File metadata operations (e.g. open or create files/directories) are sent to metadata services, which implement the file system semantics. Metadata services are stateless, since file metadata are stored in a transactional key-value store (e.g. FoundationDB). Clients can connect to any metadata service.

Each storage service manages a few local SSDs and provides a chunk store interface. The storage service implements Chain Replication with Apportioned Queries (CRAQ) to ensure strong consistency. CRAQ’s write-all-read-any approach helps to unleash the throughput of SSDs and RDMA network. A 3FS file is split into equally sized chunks, which are replicated over multiple SSDs.

Two clients are developed for applications: FUSE client and native client. Most applications use FUSE client, which has a low adoption barrier. Performance-critical applications are integrated with the native client.

File system interfaces

Object store is becoming a popular option for data analytics and machine learning. However, file system semantics and a unified namespace where files are organized in directories provide greater flexibility for applications.

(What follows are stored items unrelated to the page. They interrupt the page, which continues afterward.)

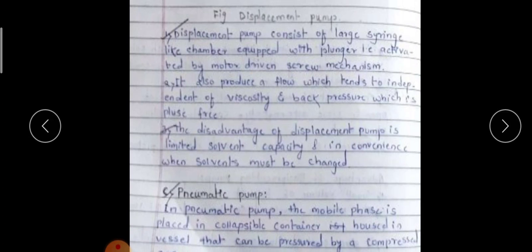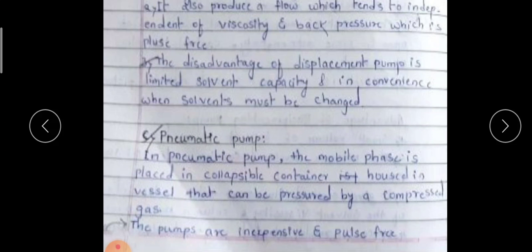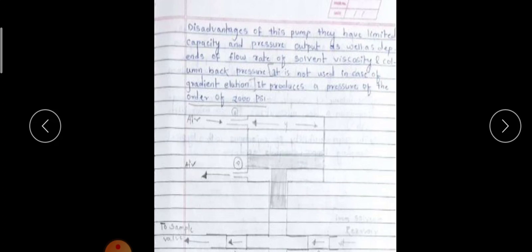In the pneumatic pump, the mobile phase is placed in a collapsible container housed in a vessel that can be pressurized by a compressed gas. These pumps are inexpensive and pulse-free. The disadvantages are limited capacity and pressure output, flow rate depends on solvent viscosity and column back pressure, it is not used for gradient elution, and it produces a pressure of only about 2000 psi.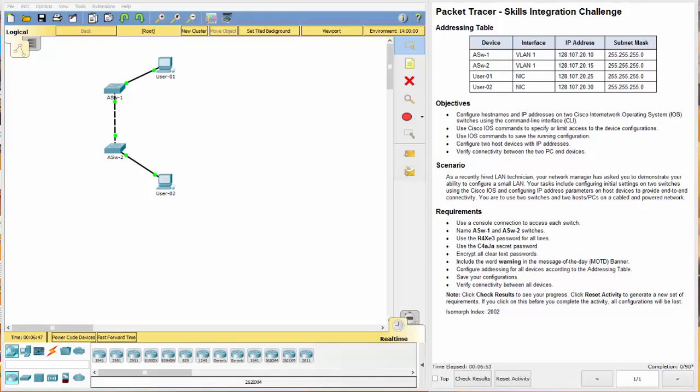Hello everyone and welcome back to Cisco Packet Tracer Skills Integration Challenge. Today we're going to be working on 2.4.1.2 and let's go ahead and get started.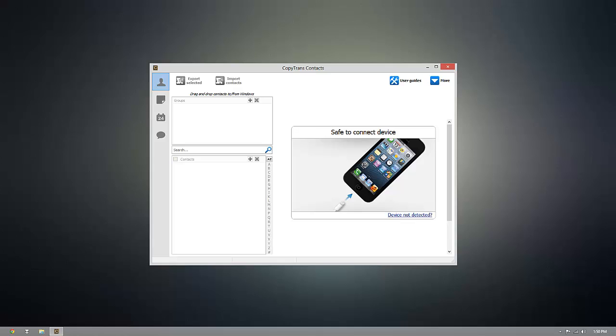Hey there guys, today I'm going to show you how to take the contacts on any iOS device and import them onto an Android device using CopyTrans Contacts.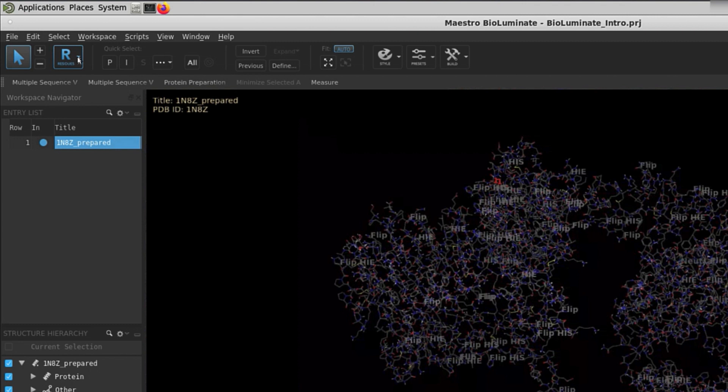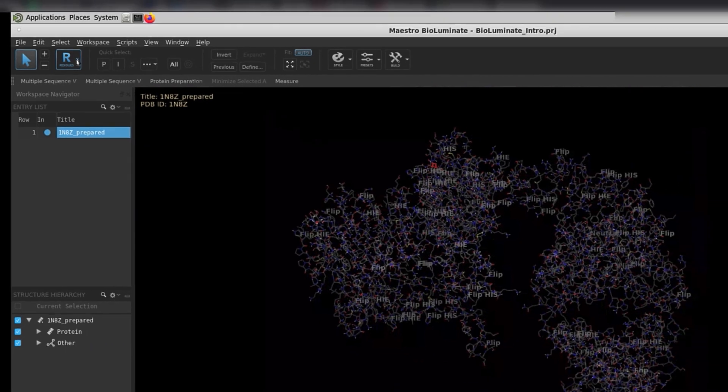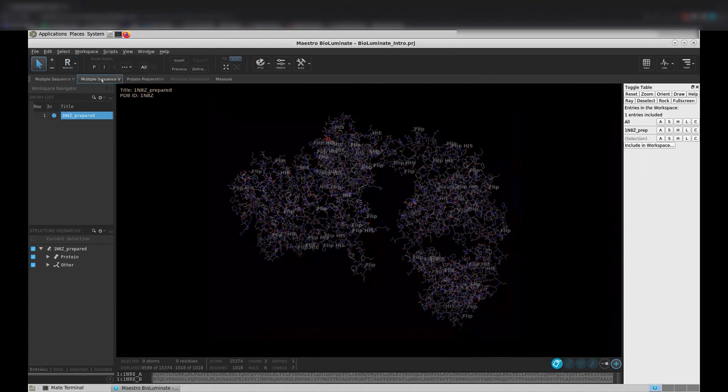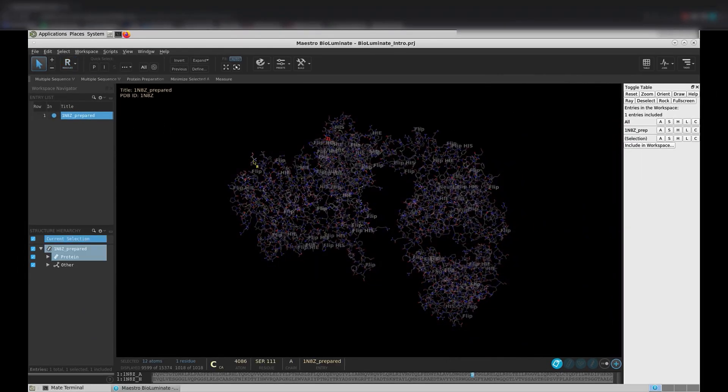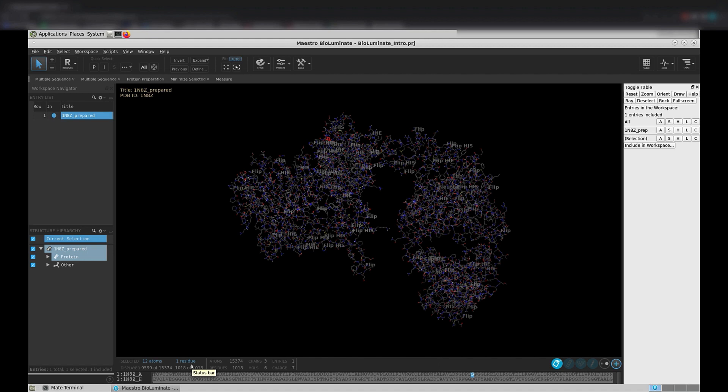It is important to know that BioLuminate works on a select first paradigm. That means that if you want to change the look of a molecule in the workspace, or you want to modify part of a molecule, you first need to select those atoms within the workspace. Let's select a residue in the workspace. If we look down at our status bar at the bottom of the BioLuminate interface, you can see we have one residue selected. You can also select the whole chain by double-clicking the residue.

Atomic directory manipulation An object store can approximate hierarchical directory structures by using slashes (/) in object keys. However, it doesn’t natively support operations like atomically moving files/directories, or recursively deleting entire directories. Actually a common pattern in our internal applications involves creating a temporary directory, writing files to it, and then moving the directory to its final location. When handling a large number of small files, the recursive delete for directories is crucial. Without it, applications have to traverse each directory and remove files one by one.
Symbolic and hard links Our applications utilize symbolic and hard links to create lightweight snapshots of dynamically updated datasets, where new data is appended as individual files.
Familiar interface The file interface is well known and used everywhere. There is no need to learn a new storage API. Many datasets are stored as CSV/Parquet files. Adapting file-based data loaders to use the 3FS FUSE client or native client is straightforward.

Limitations of FUSE

FUSE (Filesystem in Userspace) simplifies file system client development by redirecting I/O operations to user-space processes through the FUSE kernel module. It creates the illusion that applications are accessing the remote file system as if it were a local file system. However, it has performance limitations:

Memory copy overhead The user-space file system daemon cannot access application memory. Data transfer between kernel and user spaces consumes memory bandwidth and increases end-to-end latency.
Primitive multi-threading support When an application initiates I/O requests, FUSE places these requests into a multi-threaded shared queue, protected by a spin lock. The user-space file system daemon then retrieves and processes requests from this queue. Due to lock contention, FUSE’s I/O processing capability fails to scale with the number of threads. Our benchmark results indicate that FUSE only handles approximately 400K 4KiB reads per second. Further increasing concurrency does not improve performance as lock contention intensifies. perf profiling reveals that the kernel-space spin lock consumes a significant amount of CPU time.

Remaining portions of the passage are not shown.